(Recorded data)
+++

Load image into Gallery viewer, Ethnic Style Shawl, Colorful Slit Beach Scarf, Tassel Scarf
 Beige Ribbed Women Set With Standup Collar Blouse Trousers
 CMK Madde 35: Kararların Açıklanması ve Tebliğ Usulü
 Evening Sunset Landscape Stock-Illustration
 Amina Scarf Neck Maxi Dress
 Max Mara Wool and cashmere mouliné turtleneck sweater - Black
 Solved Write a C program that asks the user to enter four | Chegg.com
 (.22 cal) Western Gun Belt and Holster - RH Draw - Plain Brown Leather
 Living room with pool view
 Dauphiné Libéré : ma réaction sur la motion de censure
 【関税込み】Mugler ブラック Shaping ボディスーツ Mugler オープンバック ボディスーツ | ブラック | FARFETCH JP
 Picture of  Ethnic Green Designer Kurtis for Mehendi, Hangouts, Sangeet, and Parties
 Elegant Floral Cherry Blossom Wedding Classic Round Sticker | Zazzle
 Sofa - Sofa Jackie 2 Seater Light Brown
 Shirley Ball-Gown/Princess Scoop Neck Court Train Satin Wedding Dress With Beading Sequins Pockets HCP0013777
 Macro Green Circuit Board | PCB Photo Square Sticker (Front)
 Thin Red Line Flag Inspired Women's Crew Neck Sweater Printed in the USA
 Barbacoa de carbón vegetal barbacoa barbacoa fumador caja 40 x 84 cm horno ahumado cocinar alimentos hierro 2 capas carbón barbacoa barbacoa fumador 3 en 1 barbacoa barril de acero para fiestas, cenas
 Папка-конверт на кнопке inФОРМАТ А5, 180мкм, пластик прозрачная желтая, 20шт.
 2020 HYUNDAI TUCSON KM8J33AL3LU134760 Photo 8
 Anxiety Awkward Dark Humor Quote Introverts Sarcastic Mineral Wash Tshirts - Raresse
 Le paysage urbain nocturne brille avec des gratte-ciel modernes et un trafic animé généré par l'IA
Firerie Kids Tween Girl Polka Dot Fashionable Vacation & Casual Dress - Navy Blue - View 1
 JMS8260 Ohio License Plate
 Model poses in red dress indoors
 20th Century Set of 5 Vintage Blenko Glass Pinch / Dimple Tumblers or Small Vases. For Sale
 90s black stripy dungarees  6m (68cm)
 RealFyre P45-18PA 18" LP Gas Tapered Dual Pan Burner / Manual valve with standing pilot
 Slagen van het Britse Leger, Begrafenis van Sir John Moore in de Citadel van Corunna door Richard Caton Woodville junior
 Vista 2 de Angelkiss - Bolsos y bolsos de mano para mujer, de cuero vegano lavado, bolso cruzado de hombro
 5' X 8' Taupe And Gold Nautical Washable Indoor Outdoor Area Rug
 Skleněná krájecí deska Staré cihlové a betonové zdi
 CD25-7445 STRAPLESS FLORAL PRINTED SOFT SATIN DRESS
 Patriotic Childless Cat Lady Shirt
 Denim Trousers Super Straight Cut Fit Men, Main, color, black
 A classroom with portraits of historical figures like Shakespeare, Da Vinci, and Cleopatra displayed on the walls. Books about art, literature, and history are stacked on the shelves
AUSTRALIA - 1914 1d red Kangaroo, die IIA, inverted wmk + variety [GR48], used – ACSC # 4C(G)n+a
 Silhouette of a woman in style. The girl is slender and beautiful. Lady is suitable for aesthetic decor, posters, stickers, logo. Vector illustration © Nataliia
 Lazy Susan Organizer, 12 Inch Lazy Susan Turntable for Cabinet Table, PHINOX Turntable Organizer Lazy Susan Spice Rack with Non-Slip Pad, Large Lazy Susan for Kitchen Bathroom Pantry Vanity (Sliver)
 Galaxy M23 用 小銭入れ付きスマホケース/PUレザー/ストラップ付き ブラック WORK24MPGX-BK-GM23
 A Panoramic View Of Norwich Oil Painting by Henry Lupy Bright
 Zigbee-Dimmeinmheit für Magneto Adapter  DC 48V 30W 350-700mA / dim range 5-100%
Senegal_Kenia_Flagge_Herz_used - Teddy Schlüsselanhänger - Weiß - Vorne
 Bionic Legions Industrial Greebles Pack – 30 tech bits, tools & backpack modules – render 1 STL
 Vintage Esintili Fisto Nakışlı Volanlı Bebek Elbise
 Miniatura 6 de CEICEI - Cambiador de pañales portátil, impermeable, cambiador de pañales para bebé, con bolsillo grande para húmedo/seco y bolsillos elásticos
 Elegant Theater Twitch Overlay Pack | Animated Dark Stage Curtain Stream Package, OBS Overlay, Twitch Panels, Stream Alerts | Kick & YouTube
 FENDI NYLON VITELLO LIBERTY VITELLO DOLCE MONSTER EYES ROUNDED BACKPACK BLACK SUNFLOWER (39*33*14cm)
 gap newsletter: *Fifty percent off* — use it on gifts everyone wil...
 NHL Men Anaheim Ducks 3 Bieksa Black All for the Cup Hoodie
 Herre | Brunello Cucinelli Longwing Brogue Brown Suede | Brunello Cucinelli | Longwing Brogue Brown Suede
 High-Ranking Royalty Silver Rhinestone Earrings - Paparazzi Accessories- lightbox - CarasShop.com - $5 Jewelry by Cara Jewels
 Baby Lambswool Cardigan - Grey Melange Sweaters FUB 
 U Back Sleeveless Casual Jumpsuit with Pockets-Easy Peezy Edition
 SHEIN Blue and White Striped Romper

+++

What is being asked>
Repeat, word for word, the lines from the start of the records to the line that contains "ブラック | FARFETCH JP", both of them included, and no others.

Answer to the problem>
Load image into Gallery viewer, Ethnic Style Shawl, Colorful Slit Beach Scarf, Tassel Scarf
 Beige Ribbed Women Set With Standup Collar Blouse Trousers
 CMK Madde 35: Kararların Açıklanması ve Tebliğ Usulü
 Evening Sunset Landscape Stock-Illustration
 Amina Scarf Neck Maxi Dress
 Max Mara Wool and cashmere mouliné turtleneck sweater - Black
 Solved Write a C program that asks the user to enter four | Chegg.com
 (.22 cal) Western Gun Belt and Holster - RH Draw - Plain Brown Leather
 Living room with pool view
 Dauphiné Libéré : ma réaction sur la motion de censure
 【関税込み】Mugler ブラック Shaping ボディスーツ Mugler オープンバック ボディスーツ | ブラック | FARFETCH JP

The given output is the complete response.